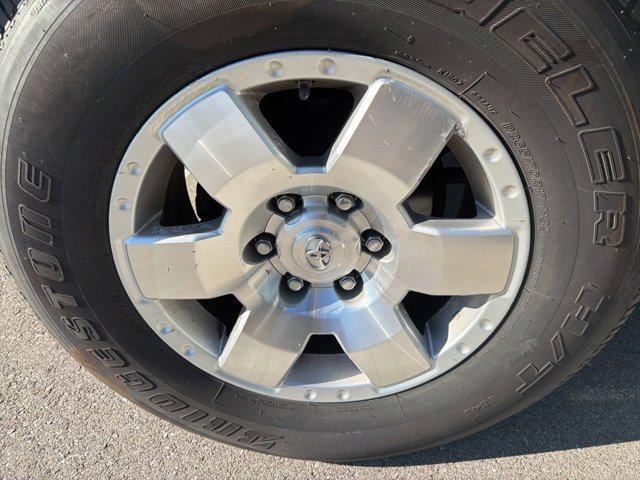 used 2007 Toyota Sequoia car, priced at $9,978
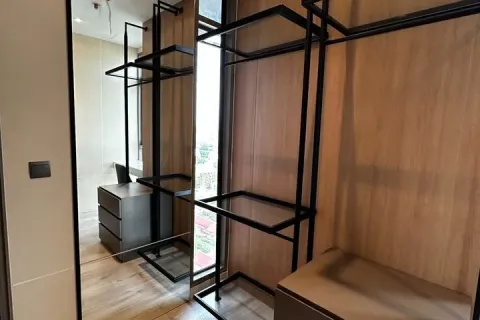 Studio dans le Condo à Watthana, Bangkok, Thaïlande  № 156605 - photo 6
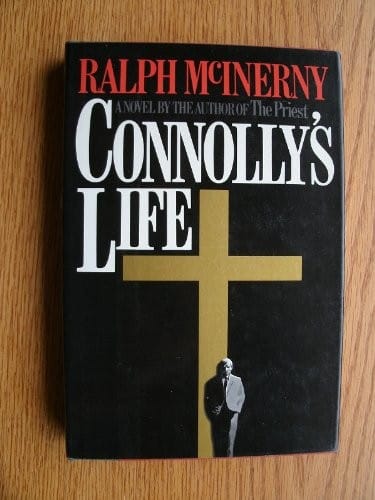 Connolly's life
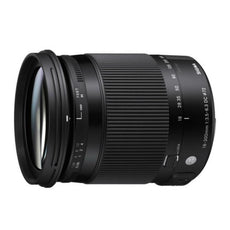 Sigma 18-300mm f3.5-6.3 DC MACRO OS HSM Contemporary (Canon) Lens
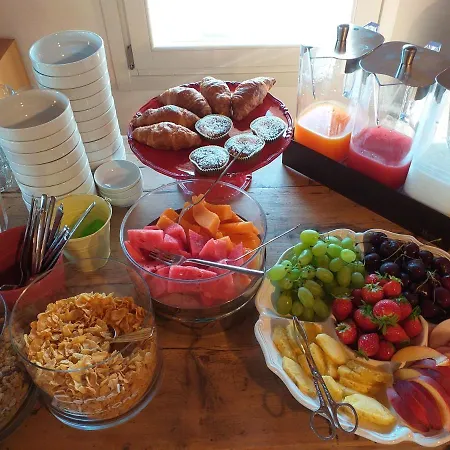 Bed & Breakfast Le Coste-2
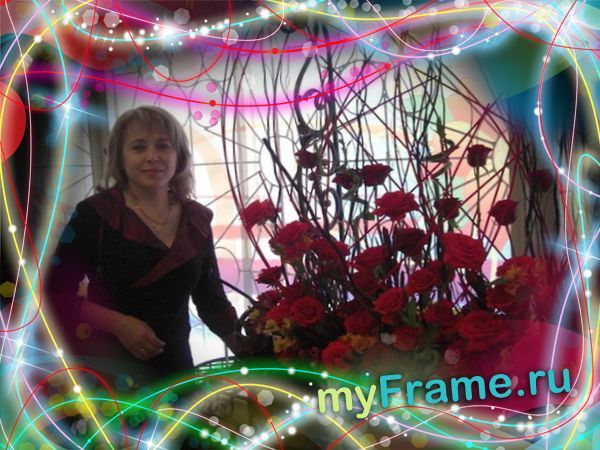 Галина Устинова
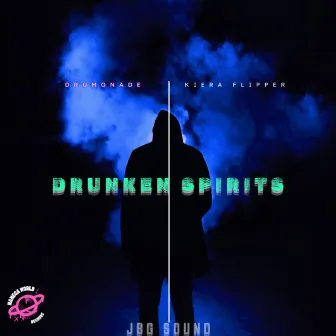 Drunken Spirits (Jupiter Dub) by Drumonade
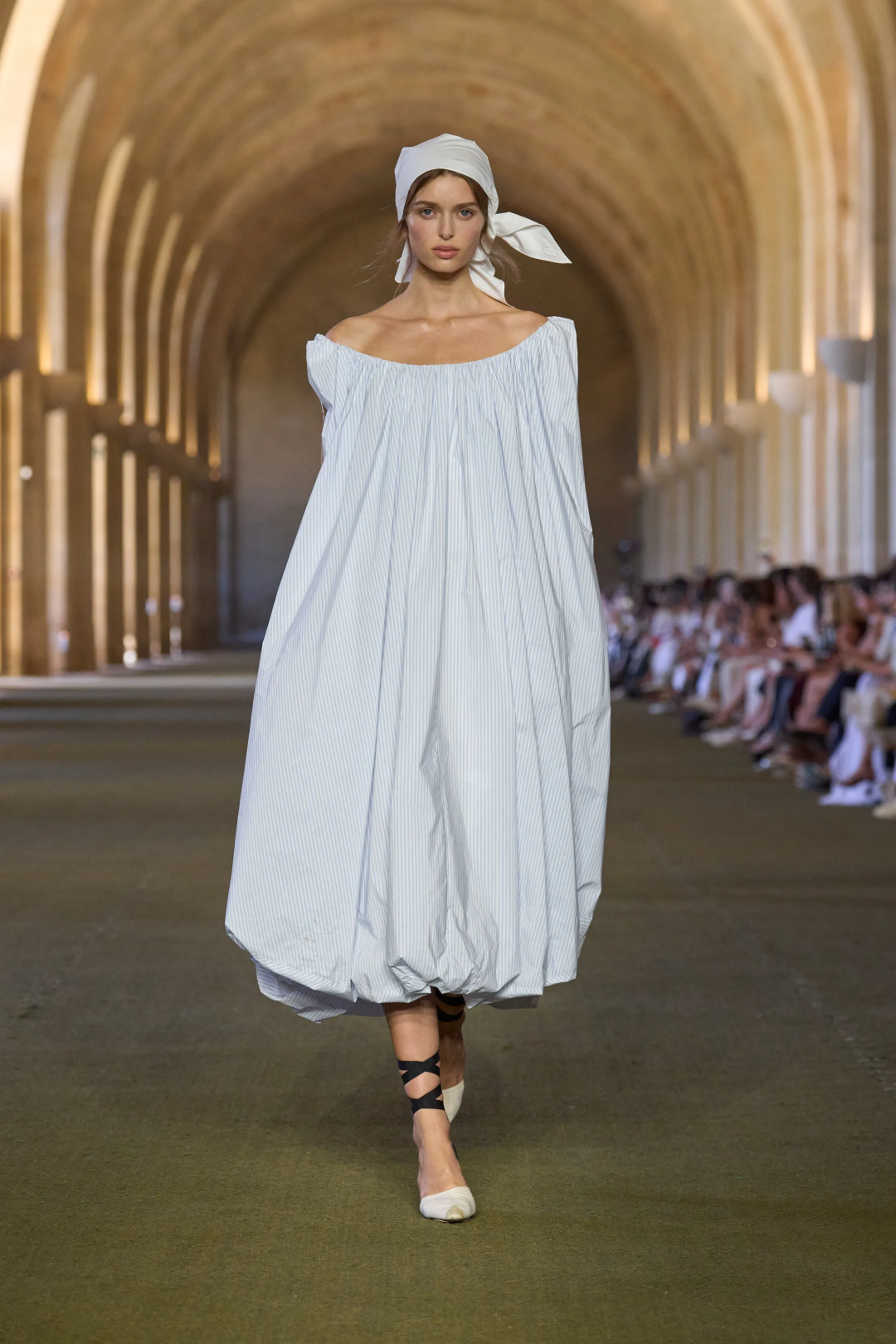 Jacquemus 2025-26 Sonbahar/Kış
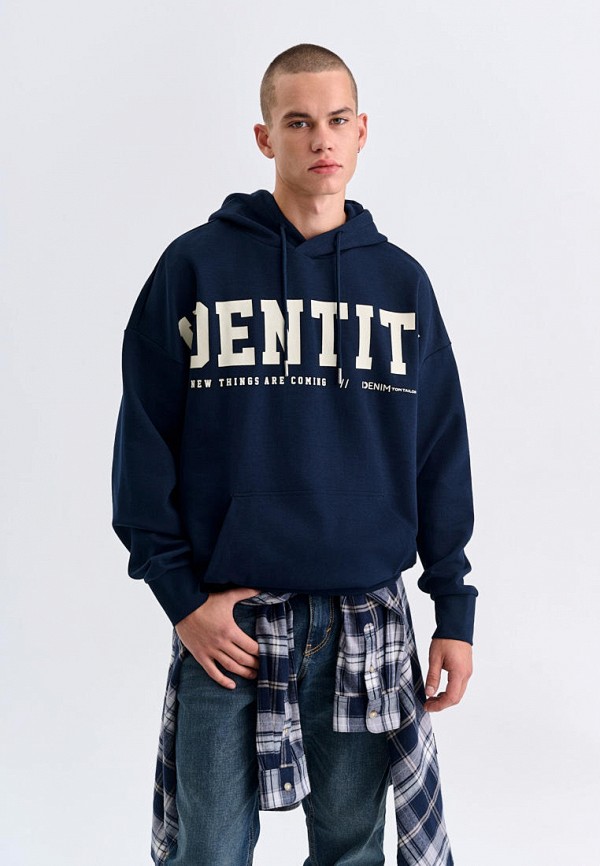 Tom Tailor Худи - фото 1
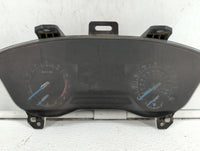 2014-2015 Ford Fusion Instrument Cluster Speedometer Gauges P/N:ES7T-10849-EB ES7T-10849-EA, ES7T-10849-EC Fits Fits 2014 20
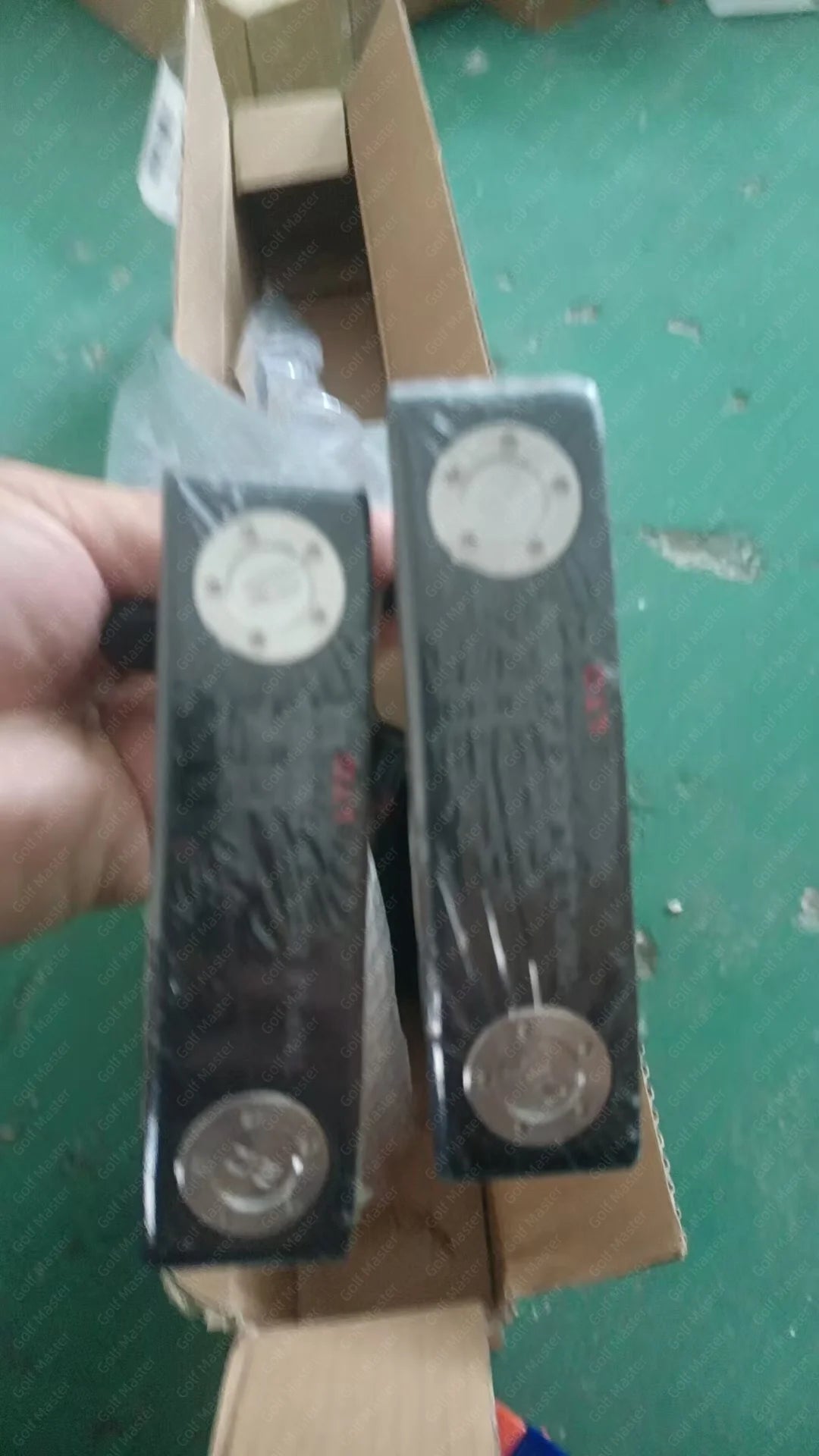 42 Scotty Cameron Putter【US Overseas Warehouses】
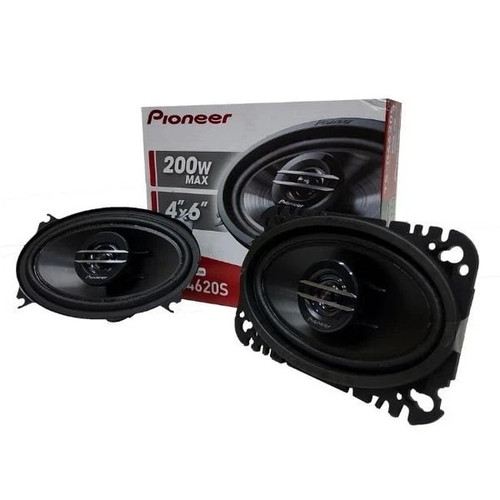 Pioneer series g4620s - g-series, ts-g4620s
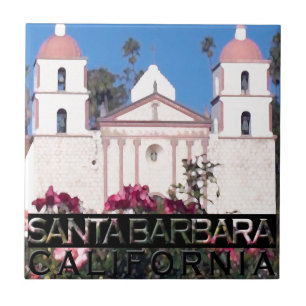 Santa Barbara Tile
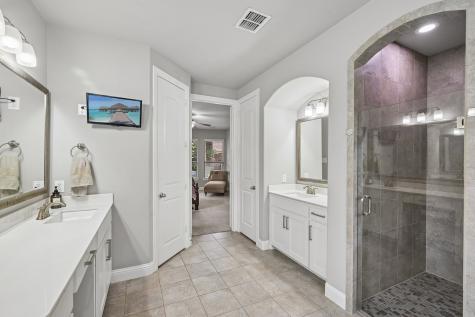 12819 Ridge Spring Drive Frisco TX 75035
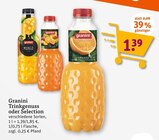 Aktuelles Trinkgenuss oder Selection Angebot bei tegut in Jena ab 1,39 €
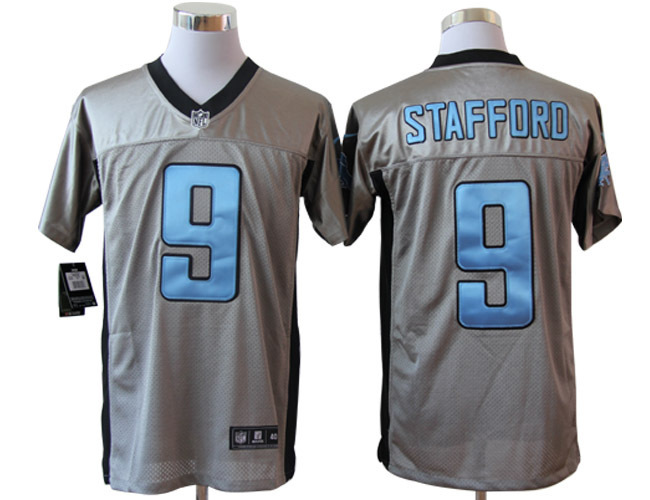 Nike Elite Detroit Lions Jersey-013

++++++++++

• The task
Leaving out the images, return the entries above exactly as they read.

• Response to this task
 used 2007 Toyota Sequoia car, priced at $9,978
 Studio dans le Condo à Watthana, Bangkok, Thaïlande  № 156605 - photo 6
 Connolly's life
 Sigma 18-300mm f3.5-6.3 DC MACRO OS HSM Contemporary (Canon) Lens
 Bed & Breakfast Le Coste-2
 Галина Устинова
 Drunken Spirits (Jupiter Dub) by Drumonade
 Jacquemus 2025-26 Sonbahar/Kış
 Tom Tailor Худи - фото 1
 2014-2015 Ford Fusion Instrument Cluster Speedometer Gauges P/N:ES7T-10849-EB ES7T-10849-EA, ES7T-10849-EC Fits Fits 2014 20
 42 Scotty Cameron Putter【US Overseas Warehouses】
 Pioneer series g4620s - g-series, ts-g4620s
 Santa Barbara Tile
 12819 Ridge Spring Drive Frisco TX 75035
 Aktuelles Trinkgenuss oder Selection Angebot bei tegut in Jena ab 1,39 €
 Nike Elite Detroit Lions Jersey-013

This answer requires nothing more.